Monday 31 March 2014

Repurposing an outfit.

This year we have been invited to go and play with the Dutch at Schipluiden near Delft. We are re-creating a battle of 1574. I have neither time nor money to make a wholly new outfit, so it is a matter of repurposing what I already own. Having looked at some 1570s Dutch and Flemish genre paintings, especially by Pieter Aertsen (1508 -1575), Pieter Pietersz  (1540-1603) and Joachim Beuckelaer (1533–1574) I decided on something that would make me look vaguely period. 

I took my 1640s madder red wool waistcoat and petticoat, which were two separate garments, and sewed the bodice to the skirt to hide the tabs. The bodice does not lace, it has hooks and eyes up the front, but some surviving garments of this period hook and eye at the centre front, the underbodice of Eleonora of Toledo (1562) and the gown of the Pfalzgrafin Dorothea Sabina (1598) for example, also the lady in red in Beuckelaer’s Air of 1570 appears to have hooked together her jacket at the top and left the rest of it loose. 

1640s tabs sewn inside skirt to hide them
My 1640s neckline is low and square, and the sleeves gathered at the back. What was needed was a partlet. I had some navy wool left over from an outfit I made for Roger longer ago than I care to think about, just enough for a partlet, and enough linen to line it. I made it to look similar to that in Aertsen’s 1567 Market Woman and in Pietersz’s Pancake Baker.

Head wear also had to be taken into consideration. Many of the coifs in the paintings appear to be quite complex.

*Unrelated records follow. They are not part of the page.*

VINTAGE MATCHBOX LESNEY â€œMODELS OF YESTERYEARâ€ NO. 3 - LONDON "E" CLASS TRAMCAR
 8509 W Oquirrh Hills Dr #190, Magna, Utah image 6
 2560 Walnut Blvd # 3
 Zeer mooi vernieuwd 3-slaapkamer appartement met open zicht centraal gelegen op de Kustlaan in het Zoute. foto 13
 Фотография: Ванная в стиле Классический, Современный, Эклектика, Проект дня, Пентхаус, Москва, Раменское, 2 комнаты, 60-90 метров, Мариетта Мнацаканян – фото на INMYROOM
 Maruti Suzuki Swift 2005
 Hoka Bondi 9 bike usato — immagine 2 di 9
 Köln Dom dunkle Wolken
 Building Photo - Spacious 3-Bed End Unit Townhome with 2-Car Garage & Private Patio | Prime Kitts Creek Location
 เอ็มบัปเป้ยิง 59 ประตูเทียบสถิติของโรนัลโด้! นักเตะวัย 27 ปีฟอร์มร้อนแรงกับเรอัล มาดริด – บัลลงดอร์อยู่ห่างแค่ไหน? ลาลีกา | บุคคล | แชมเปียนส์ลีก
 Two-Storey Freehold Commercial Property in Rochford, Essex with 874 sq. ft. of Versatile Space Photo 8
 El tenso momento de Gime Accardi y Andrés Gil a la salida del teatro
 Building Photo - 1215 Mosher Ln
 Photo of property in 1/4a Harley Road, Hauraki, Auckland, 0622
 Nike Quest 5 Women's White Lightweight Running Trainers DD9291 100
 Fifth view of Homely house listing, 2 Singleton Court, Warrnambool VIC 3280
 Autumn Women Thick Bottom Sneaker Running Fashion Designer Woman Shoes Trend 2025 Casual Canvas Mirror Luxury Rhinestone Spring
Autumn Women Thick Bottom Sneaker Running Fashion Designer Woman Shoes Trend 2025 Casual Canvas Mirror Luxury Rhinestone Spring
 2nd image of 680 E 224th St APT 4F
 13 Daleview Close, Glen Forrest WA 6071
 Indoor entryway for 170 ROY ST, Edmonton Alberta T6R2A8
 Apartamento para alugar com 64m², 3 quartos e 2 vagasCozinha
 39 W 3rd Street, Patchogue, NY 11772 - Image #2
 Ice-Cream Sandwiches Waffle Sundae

Women, certainly of my age, wore some form of linen covering on the head. I opted to go with the simple English coif made from one piece of fabric with shaping to the forehead and cheeks - on the grounds that I already own one. In design it is like one of several in the Victoria and Albert Museum, but without the embroidery. Many of the women in the paintings wear a straw hat; Aertsen’s 1567 Market Woman again, the woman in the background of Van Valckenborch’s Summer of 1595 or in his Vegetable Market. So I dug out a simple straw hat in a vaguely similar style.

Next a basket. I usually carry a rush basket for 1640s, but most of those I saw in the paintings were wicker, two in this market scene by Aertsen. So I dug out an out wicker basket I own that looked similiar.

I look vaguely 1570s, though it is probably not what I would have produced if I were starting from scratch.

Friday 21 March 2014

Report on Dressing the little dears – WECS study day 15th March 2014

Had an excellent study day in Bristol, provided by the West of England Costume Society, entitled Dressing the little dears, and covering children’s wear from the sixteenth to the twentieth centuries.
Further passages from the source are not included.